In a statement he said a democratically elected stable government in Pakistan was a critical element in carrying forward the peace process and Jammu and Kashmir had the highest stake in its revival.

Complimenting the people of Pakistan for giving democracy a big boost by voting in large numbers in an atmosphere marred by threat of violence Mufti said it augured well not just for the interests of that country but could as well impact Indo Pakistan relations in a positive manner.

He said Sharif has been one of the architects of composite dialogue between the two neighbours and his return to power has raised hopes of an earnest and sincere follow up to the initial progress made on it.

Mufti said lack of progress on Kashmir resolution had partly been attributed to instability in Pakistan but with the arrival in office of a new government to be led by a known votary for good relations could transform the situation and the two countries need to capitalise on it. He said the decisions taken previously by the government on taking the travel and trade across LOC to the next level need to be implemented with a sense of urgency. “The decision to extend travel facilities to sections of people other than the divided families, opening up of Kargil Skardu road, increasing the frequency of bus services and providing banking and other logistical backup for LOC trade has been taken more than two years back and these need to be implemented,” said Mufti.

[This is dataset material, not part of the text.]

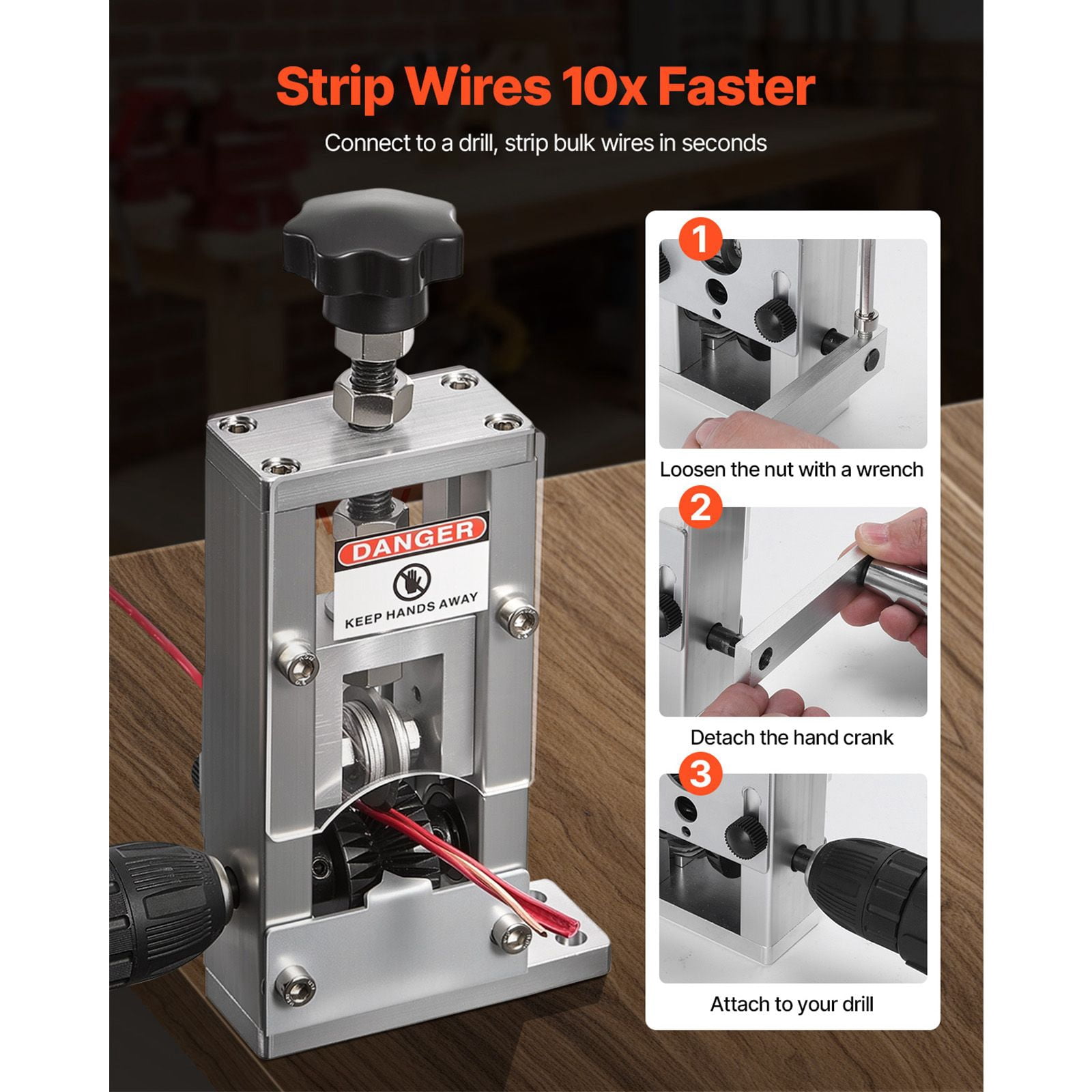 2-in-1 Manual Wire Stripper Machine - Hand Crank or Electric Drill Powered, Adjustable 0.06 to 1 inch for Scrap Copper Wire Stripping, RV & Electrical Projects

Referring to his recent meeting with Prime Minister Dr Manmohan Singh Mufti said he had got an impression that a successful conclusion of elections in Pakistan could facilitate revival of dialogue and implementation of J&K specific CBMs. He expressed the hope that Dr Singh and his new counterpart in Pakistan would respond positively to the sentiments of the people in the two parts of the erstwhile state and take measures for early resumption of composite dialogue with special focus on the problems of J&K resulting from hostility between the two countries.